世界で繁栄を勝ち得た国や地域を見ると、自らの税金収入だけで繁栄しているところは一つもない。国民の税金で公共投資をやって、経済刺激をしているような19世紀型の国家で繁栄しているところは一つもない。ましてや、税金が足りなくて債券を発行して、将来から借りてくるような無惨なやり方で経済が繁栄するわけがない。自民党政権下で日本は悪い夢を見ていたのだ。民主党が無駄を排除すれば財源はある、と言っているが、その程度では悪い染色体は変わらない。
金、企業、技術、人材、情報が、世界中から流れ込んでくるようにしなければ繁栄は持続しない。借金だらけのアメリカ、石油が出なくなったドバイ、そして中国や香港、シンガポール……どこも自分自身は富を持っていなくても、外国企業や投資家を呼び込んで雇用を創出してもらう「貸席経済」によって繁栄をつくり上げてきた。
グローバル経済の過去も現在も、そして未来も、世界中から金、企業、技術、人材、情報を呼び込んで、「繁栄を輸入する」競争であることは不変である。その繁栄を呼び込む組織単位が「道州」である、ということに民主党は気がついていない。せいぜい基礎自治体(人口30万人くらいのコミュニティ)の上位概念、くらいにしかマニフェストでは位置づけられていない。
今後、日本が繁栄していくためには、国家の統治機構を改め、世界から富を呼び込む単位を道州、としなくてはいけない。そして道州間の激しい呼び込み合戦が、知恵を出し、汗を流す競争を生み、日本はダイナミックな国へと変貌していくのだ。

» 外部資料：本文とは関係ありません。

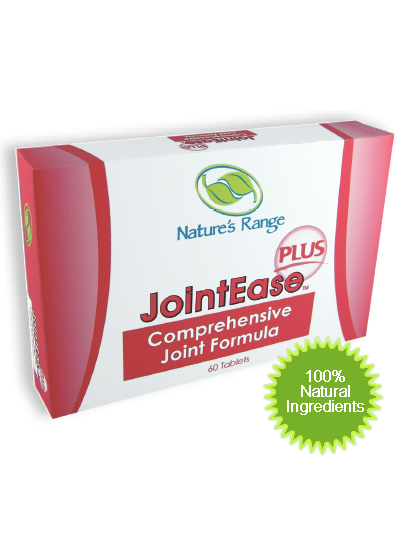 JointEase Plus Tablets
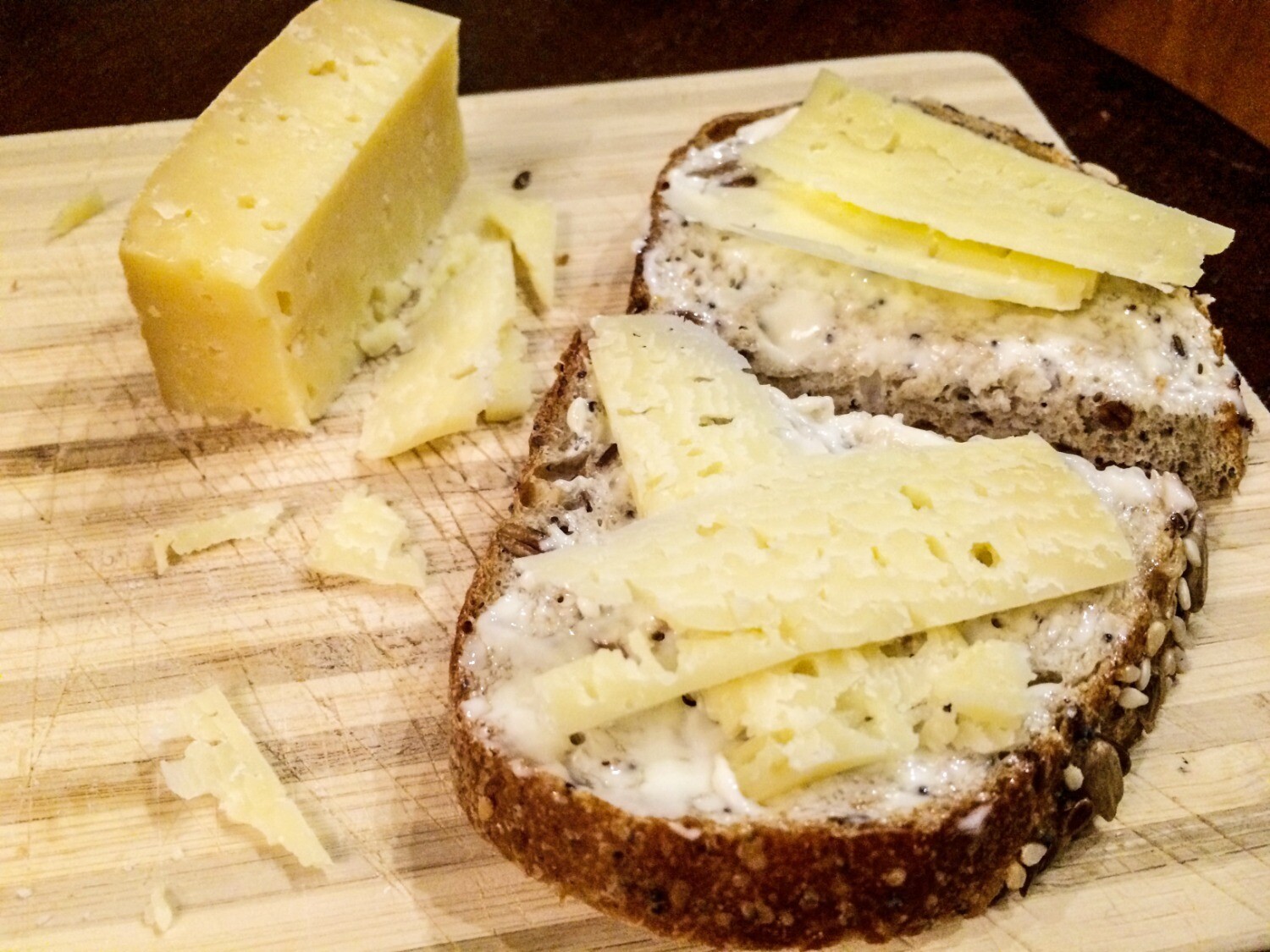 Zwitser Gouda Zwitser Gouda
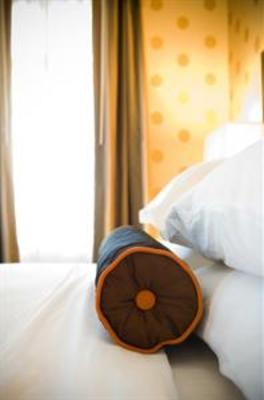 фото отеля Cypress Hotel Cupertino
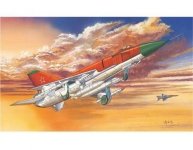 Trumpeter 01624 Su-15 Flagon-A (1:72)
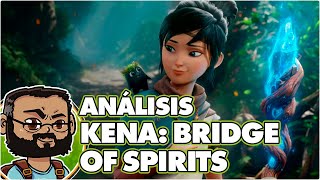 Análisis de Kena: Bridge of Spirits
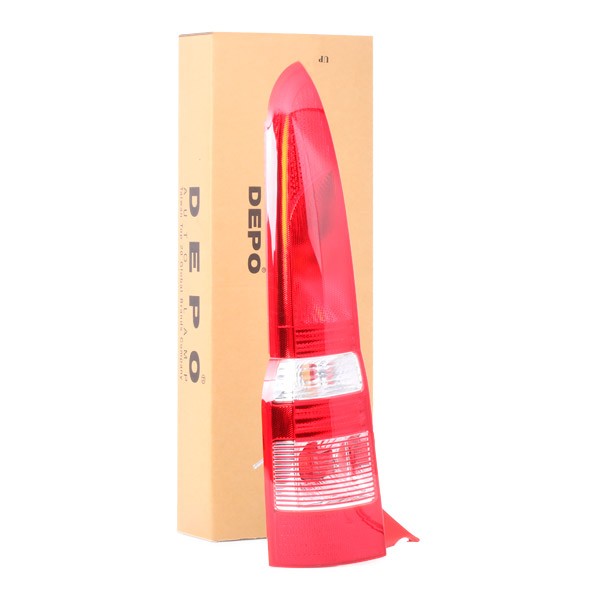 ABAKUS Rear light Article number: 661-1917L-LD-UE cheaply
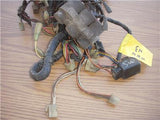 1986 ZG1200 1200 VOYAGER KAWASAKI ELECTRICAL WIRE HARNESS USED WWW-43 (k34-36)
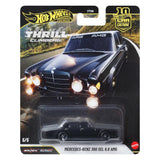 Hot Wheels Car Culture Premium Arabalar FPY86-JKF20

外国企業が「九州でビジネスをやりたい」「北陸が一番自由だ」と思うような環境を整える。すなわち各道州が自発的に規制を撤廃して開放経済に向かう。もちろん、国家としての共通の作業とかルールは残るだろう。麻薬、銃砲、売春のような非合法なビジネスはガッチリ取り締まる。しかし、社会的に許容される範囲については、各道州議会の自主的な判断で極力規制をなくす、あるいはなくす競争をする――。
これが冒頭(4)のアジェンダ、「富の創出の仕掛けとして、ルールを決めて企業に任せる」の(A)である。(A)の前提として、民主党も一応標榜している道州連邦制が極めて重要であることが理解されるだろう。